711.00111 Lic. Wah Chang Trading Corp./93/89
Memorandum of Conversations, by the Chief of the Office of Arms and Munitions Control (Green)
In compliance with instructions, I called Mr. Kermit Roosevelt, President of the International Mercantile Marine Company—operators of the American Pioneer Lines—by telephone Saturday15 morning, and told him that a question had arisen of interest both to the Department and to his company which I would like to discuss in confidence as soon as possible either with him or with someone representing him. He replied that he would either come to see me today in person or would send someone to represent him.
Mr. J. J. Nolan, Washington representative of the International Mercantile Marine Company, called at my office this morning. I told him that the information in the possession of the Department led me to believe that it was extremely unlikely that the Japanese would permit the S. S. Wichita to carry its cargo of 19 planes to a Chinese port; that the Government was not prepared to provide naval escorts for American vessels attempting to transport arms to China; and that if the S. S. Wichita attempted to proceed to carry the planes to China, it might encounter grave difficulties and this Government might be faced with an embarrassing situation. I said further that I believed it probable that within the next few days some definite policy would be adopted by this Government which would make the voyage of the ship across the Pacific impossible. I suggested that, in view of the situation which I had outlined, the owners of the ship might wish to remove the airplanes in San Pedro before proceeding with the voyage across the Pacific.
Mr. Nolan said that he would transmit my message to Mr. Roosevelt and that he would communicate with me later in the day.
This afternoon Mr. Nolan called me by telephone and said that Mr.

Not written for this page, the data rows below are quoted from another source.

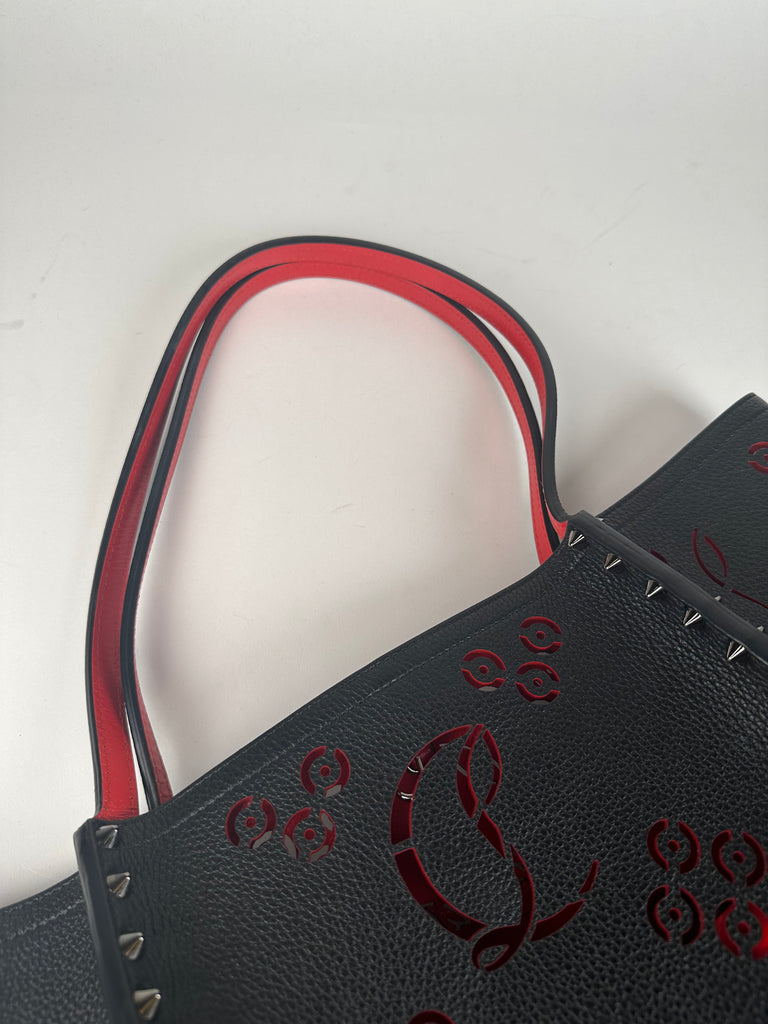 Christian Louboutin Cabarock Large Loubinthesky Perforated Tote Bag Black Red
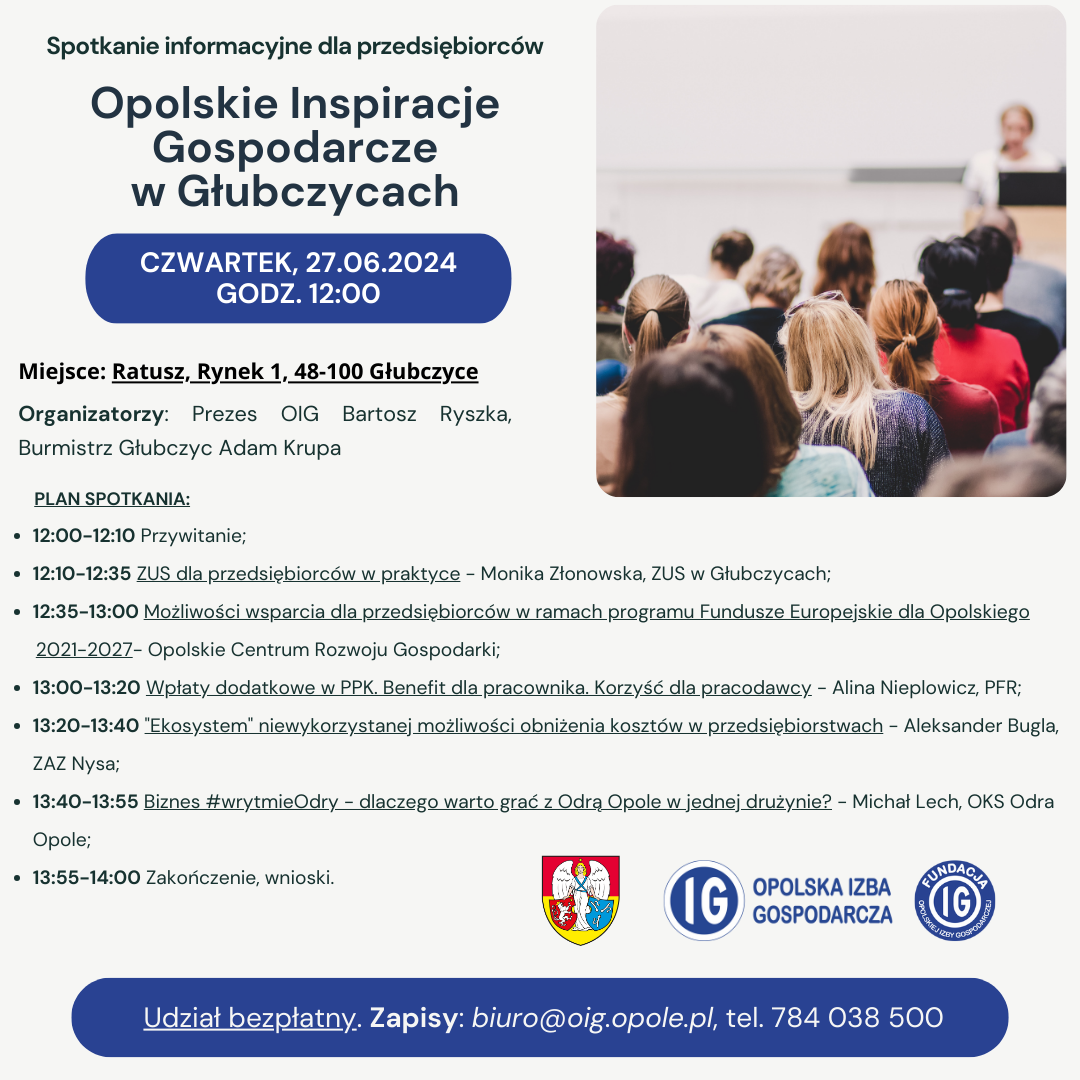 Spotkanie informacyjne dla przedsiębiorców w Głubczycach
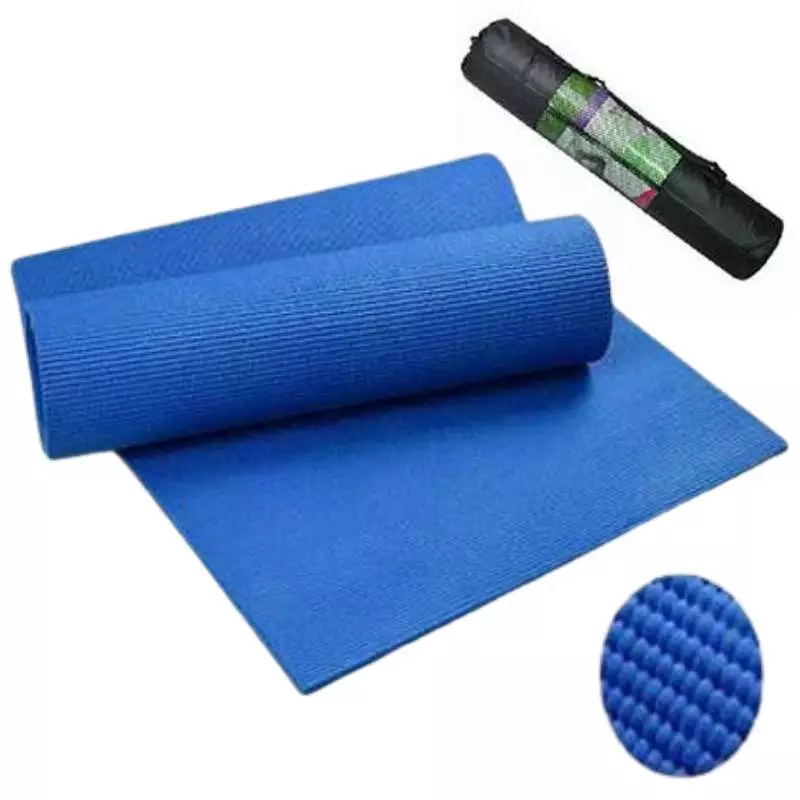 6mm Yoga Mat with a Carry Bag Blue Colour 173cm x 61cm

Roosevelt had decided that all that part of the cargo of the S. S. Wichita which was consigned to China would be unloaded at Manila, and that the ship would proceed from Manila to Hong Kong carrying nothing but the cargo consigned to that port.[Page 528]
In view of the understandings reached in the course of several telephone conversations during the day with officers of the U. S. Maritime Commission, I made no comment on Mr. Nolan’s statement.
The conversations to which I refer in the preceding paragraph are two conversations between the Secretary and Mr. Kennedy, Chairman of the Commission, and six or eight conversations which I had in the course of the day with Mr. Kennedy and with Mr. Lutz of the staff of the Commission. As a result of these conversations, Mr. Kennedy agreed to inform the owners of the S. S. Wichita that the ship was not to leave the harbor of San Pedro until further notice. He said that he would tell the owners to make any excuse they wished for the delay, and suggested that the excuse would probably be unforeseen engine trouble necessitating repairs which would require several days. Mr. Kennedy said that in the meantime he hoped to confer with the President and with the Secretary and that he would be informed definitely of the policy of this Government in respect to voyages by American vessels to Chinese waters. He said that as soon as that policy had been decided upon and communicated to him, he would take steps necessary to see that it was carried out.